Directed by Lew Landers
Expectations: Moderate.
Power of the Press doesn’t bother with subtlety. It’s a film that focuses like a laser on the power that the press can wield and how constructive/destructive it can be in the right/wrong hands. It’s a story and a setting that makes the Sam Fuller connection seem like a given, but unfortunately little of Fuller’s biting social commentary or affecting dramatics make it to the screen here. Power of the Press is an enjoyable little movie, but it’s one so straightforward and obvious that it’s almost pointless to watch.

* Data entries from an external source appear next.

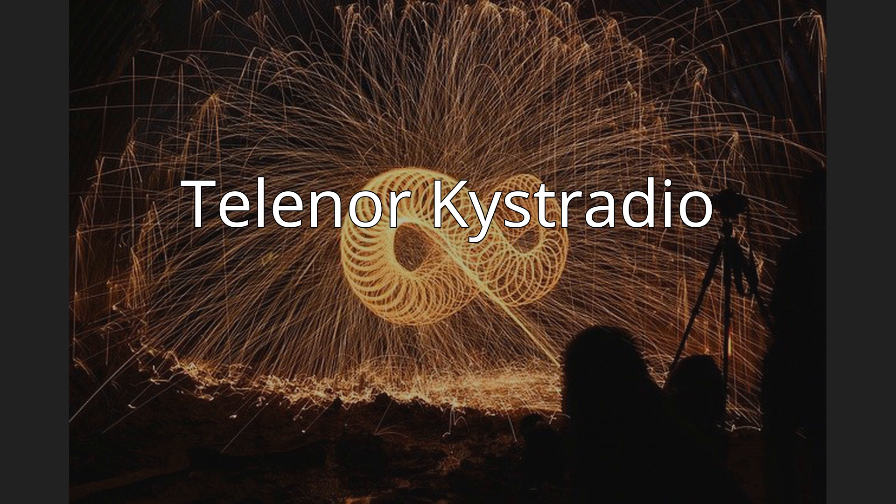Telenor Kystradio, formerly Telenor Maritime Radio, is a part of Telenor and provides maritime telecommunications services along the coast of Norway, operating networks of marine VHF radio, medium frequency, high frequency, and NAVTEX transmitters.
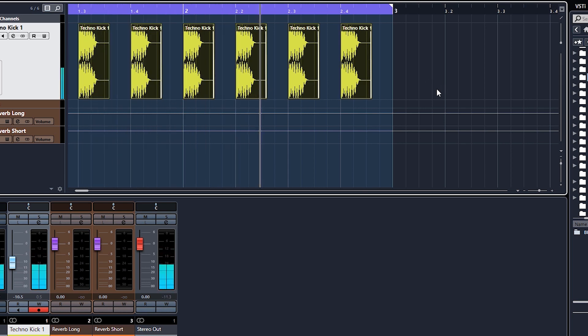Okay guys, we'll see you in the next lesson where we'll layer up this kick with a higher frequency kick and add plenty more snap to make it sound more energetic and more like a techno kick. See you then, bye bye.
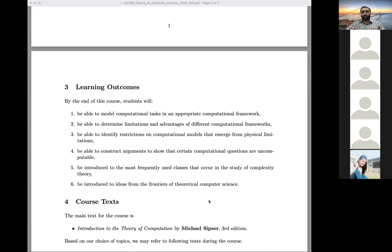We can divide this course into three parts. The first part is about computation. The second part is about complexity. The third part is about the limitations of computation. You should be able to know what the simple and basic complexity classes are, how to classify problems into different classes, and what the relationships between these classes are. Finally, we'll look at some frontiers of theoretical computer science — how it all started in the beginning of the 20th century, what the current state of the art is, and what possible future directions exist for theoretical computer science.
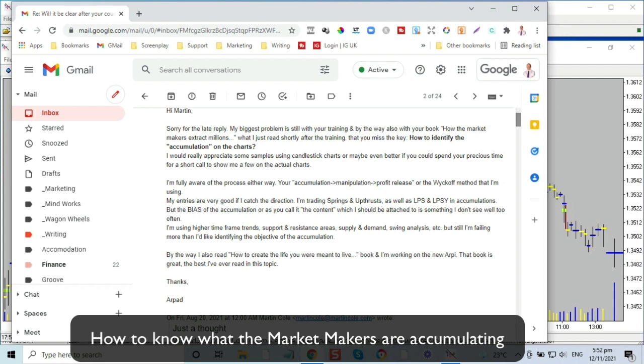By the way, I also read 'How to Create the Life You Were Meant to Live' — the book — and I'm working on the new approach. That book is great, the best I have ever read on that topic. Okay, well there's a good opportunity for a plug — if you haven't read this book yet, grab a copy, it's a fascinating book and it will really make a difference to how your life goes forward. Anyway, let's just discuss why it is that people have a problem locating the accumulation — first locating it, and secondly understanding what is in it.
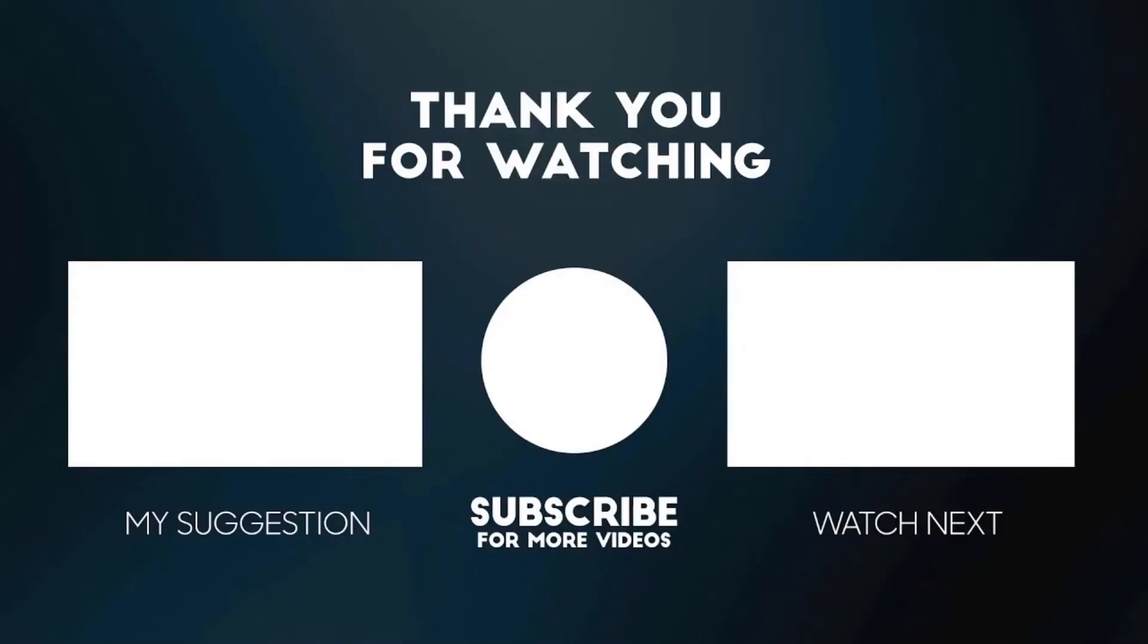So that's it, guys. All the links will be in the description box. Click the like button, subscribe with notifications on, and share this video with your friends. Peace out.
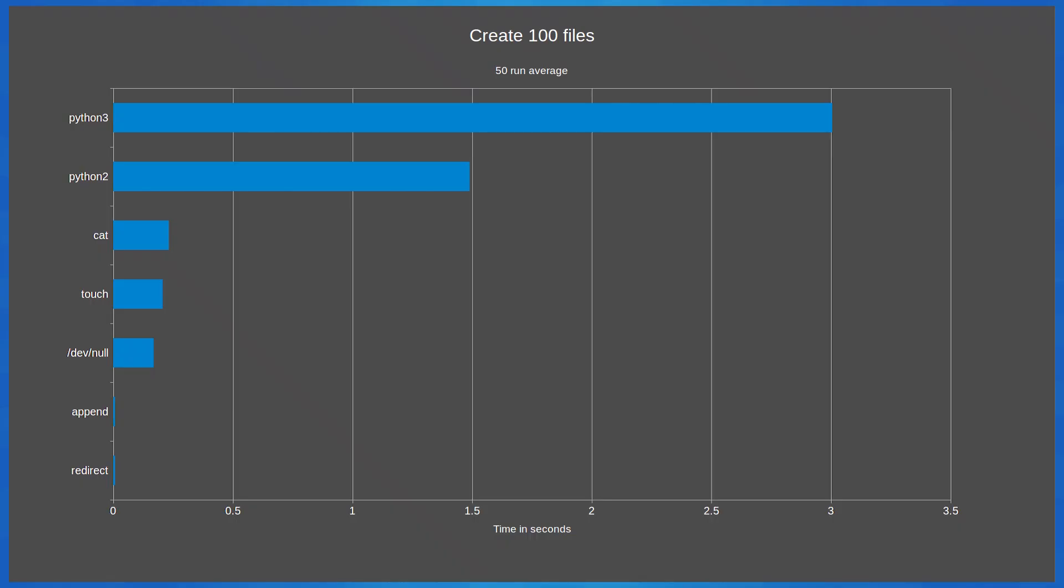So let's take a look at the results. For creating 100 empty files, redirect and append are the clear winners with times of 0.0073 and 0.00714 seconds respectively.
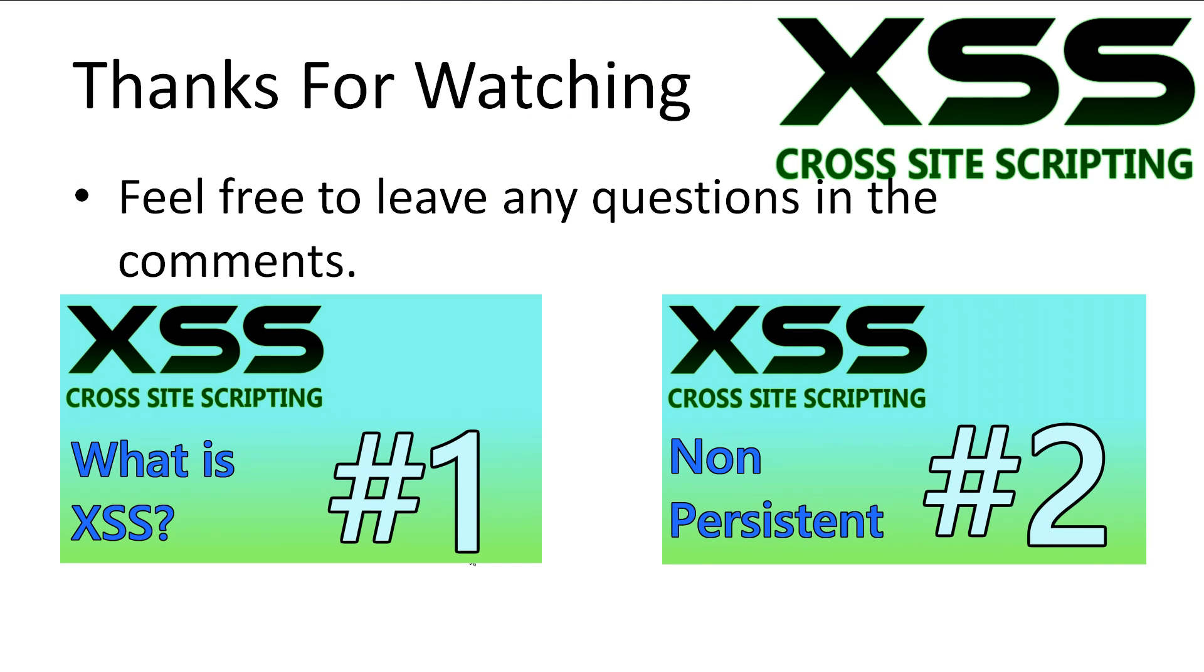Cool. Alright, now that we have our environment set up we can get on to learning cross-site scripting. If you have yet to watch the first tutorial check out the video on the left. If you've come here from the second tutorial you can return by clicking on the video on the right. Don't forget to subscribe. Thanks for watching.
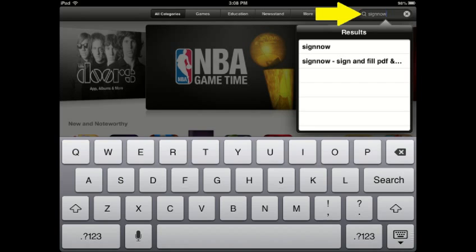In this tutorial, we will be using the Apple iOS on an iPad. Select the App Store on your Apple-based device to be taken to the search for download location by typing in the name Sign Now.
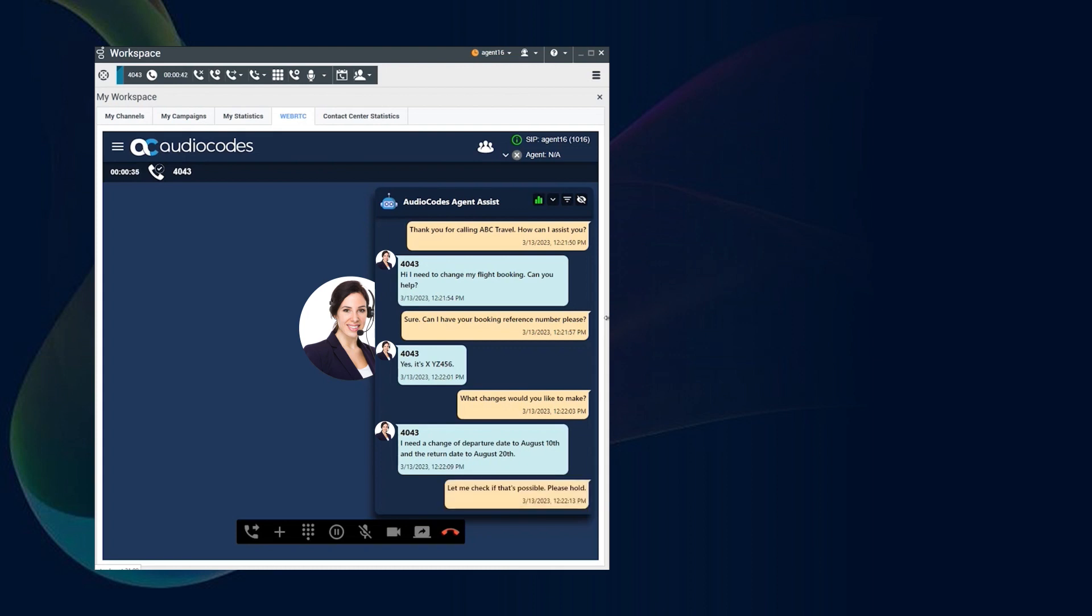Okay, we can do that, but there will be a $50 change fee and a $100 fare difference. Do you accept those charges?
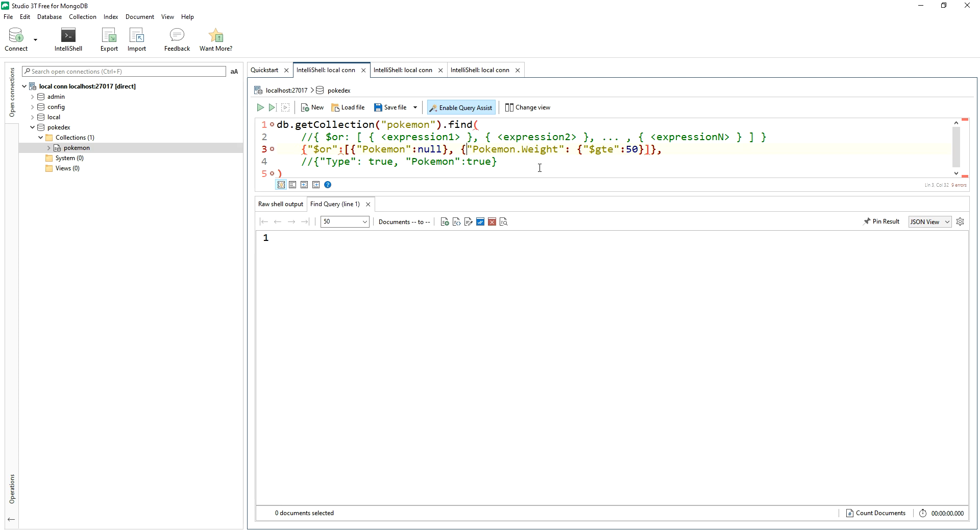And then we'll punch in the other condition here, like that. Okay, and then our syntax should be fine here.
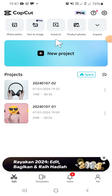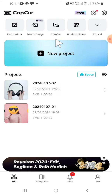Hello guys, welcome back to the channel. In today's video, I'm going to show you how you can find the privacy policy on CapCut mobile. I have already opened my CapCut application on my phone, and the first thing we're going to do is click on the Settings button.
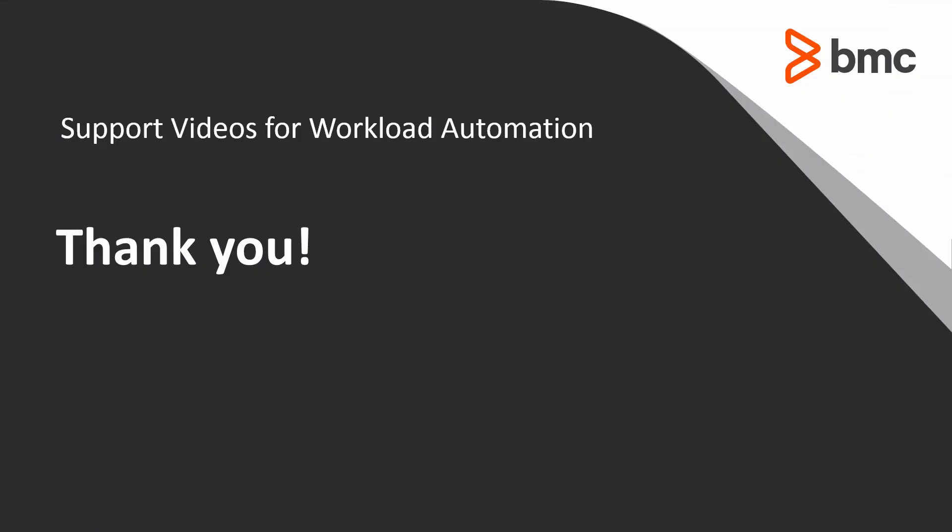That concludes this Control-M solution video. Please see our Knowledge Base and YouTube channel for more videos like this.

The film opens as John Carter (Minor Watson), the publisher of the New York Gazette, is about to give a speech about the freedom of the press. What stops him from heading out and delivering the speech is an editorial in a small Nebraska newspaper that was recently sent to him. The editorial was written by an old friend, Ulysses Bradford (Guy Kibbee), and it takes Carter to task for being at the head of a completely corrupt newspaper that cares little for the truth. Bradford writes that freedom of the press means freedom to tell the truth, not the freedom to twist the truth.
This is actually a great setup for a movie about journalistic freedom and integrity, and Fuller’s original script may have been just that. The film was made in the middle of World War II, though, so it comes off as quite the preachy propaganda piece (the evil Raskin is helping to thwart the American war effort through the paper). This was written prior to Fuller’s war experiences so it’s possible that this strictly black-and-white view of good and evil is representative of his viewpoints at the time, but I’m of the mind it’s more of a studio rewrite thing than anything else. Fuller makes a passing mention of the film in his autobiography, but he only relates the basic storyline of his original script (the handover of the paper to the old friend) and offers no opinion or commentary on the finished film.
So while Power of the Press is too standard and obvious to be a great film, it’s a good, quick movie that has a message still pertinent over 70 years after its release. That’s gotta be worth something.